Heuser and Mitchell say by leveraging relationships with land sellers, there has been success in renegotiating timing, terms, or price as appropriate. Heuser says in Taylor Morrison’s most recent fiscal quarter, “the vast majority” of contemplated core business land spend that progressed through the investment committee “was restructured in some fashion,” and deals not meeting required thresholds were terminated.
2023 Outlook
The economic uncertainty that persisted during the latter half of 2022 is projected to continue into 2023. Due to a combination of economic factors, including continued high inflation and monetary policy tightening, many economists forecast the economy will fall into a recession this year.
“The outlook for the market is forecasting weak sales, and we should expect choppy roads ahead,” Wolf says. “Prudence is recommended, and we will continue to watch a confluence of factors, including inflation, interest rates, pricing, rents, and the overall state of real estate capital markets, including the availability of finance.”
Despite recessionary concerns, the land-light approach of many builders balances risk, emphasizes optionality and capital efficiency to improve returns, and limits exposure to market risk during periods of uncertainty. Heuser says Taylor Morrison’s mix of land portfolio provides the ability for the builder to continue to be opportunistic looking for land investment going into an uncertain 2023.
Mitchell says the long-term macro environment for the housing industry remains “bright” due to the lack of supply and the housing deficit, providing opportunities for well-capitalized and strategized builders to establish and strengthen market positions.

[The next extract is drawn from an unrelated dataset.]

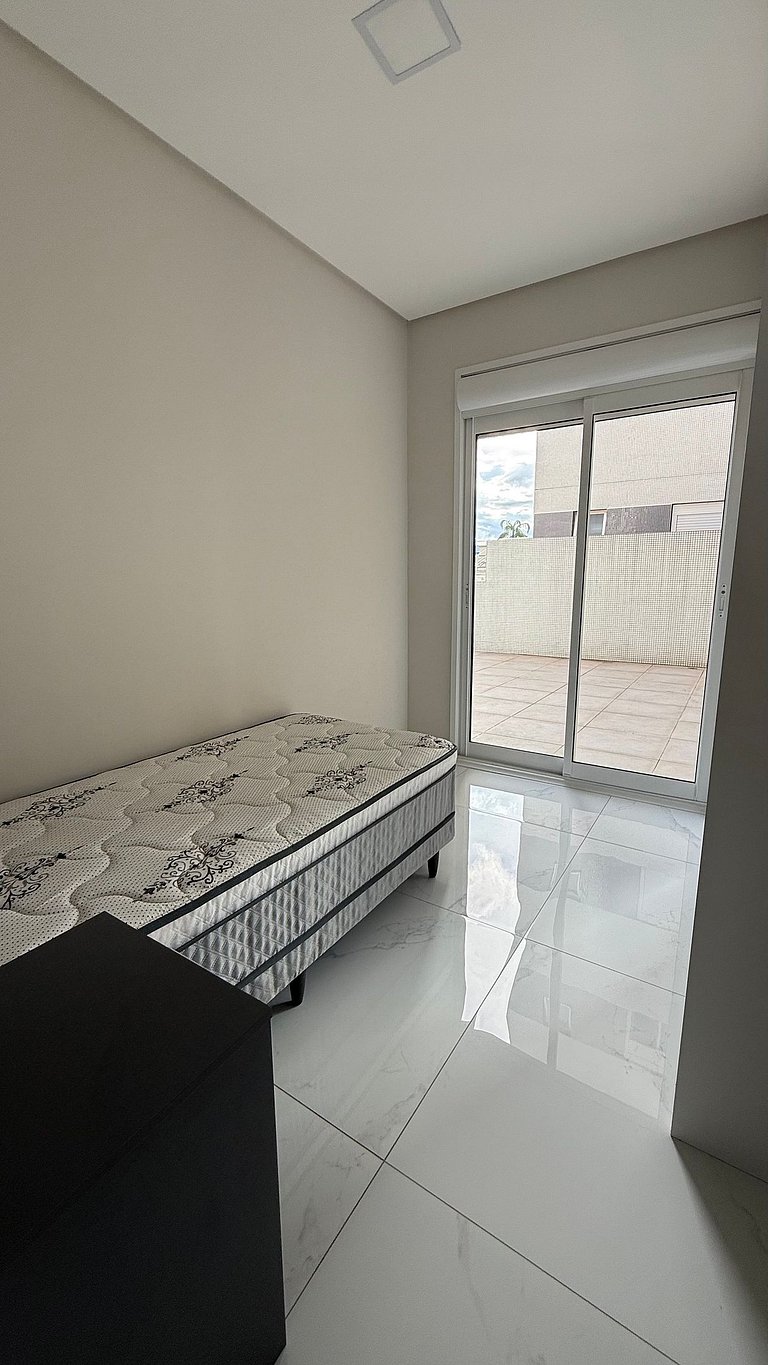 Apto Central C/ Suite Ar Cond 2 Vagas Garagem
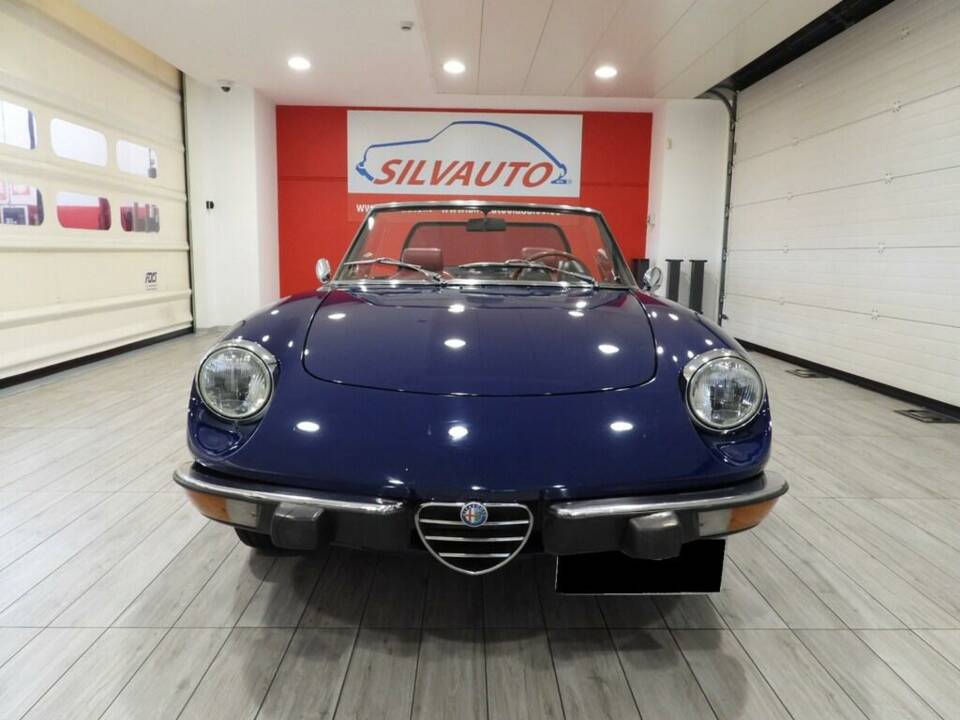Imagen 2/15 de Alfa Romeo 2000 Spider Veloce (1974)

“While we are closely scrutinizing development plans for both new and existing projects with an eye on managing overall lot inventory, we continue to have meaningful opportunity to monetize our well-vintaged land and maintain competitive scale and positioning across our markets,” Heuser says. “This enables us to carefully monitor local resale conditions, competitor supply levels, and consumer sentiment and behaviors as we contemplate land acquisition opportunities in 2023 and beyond.”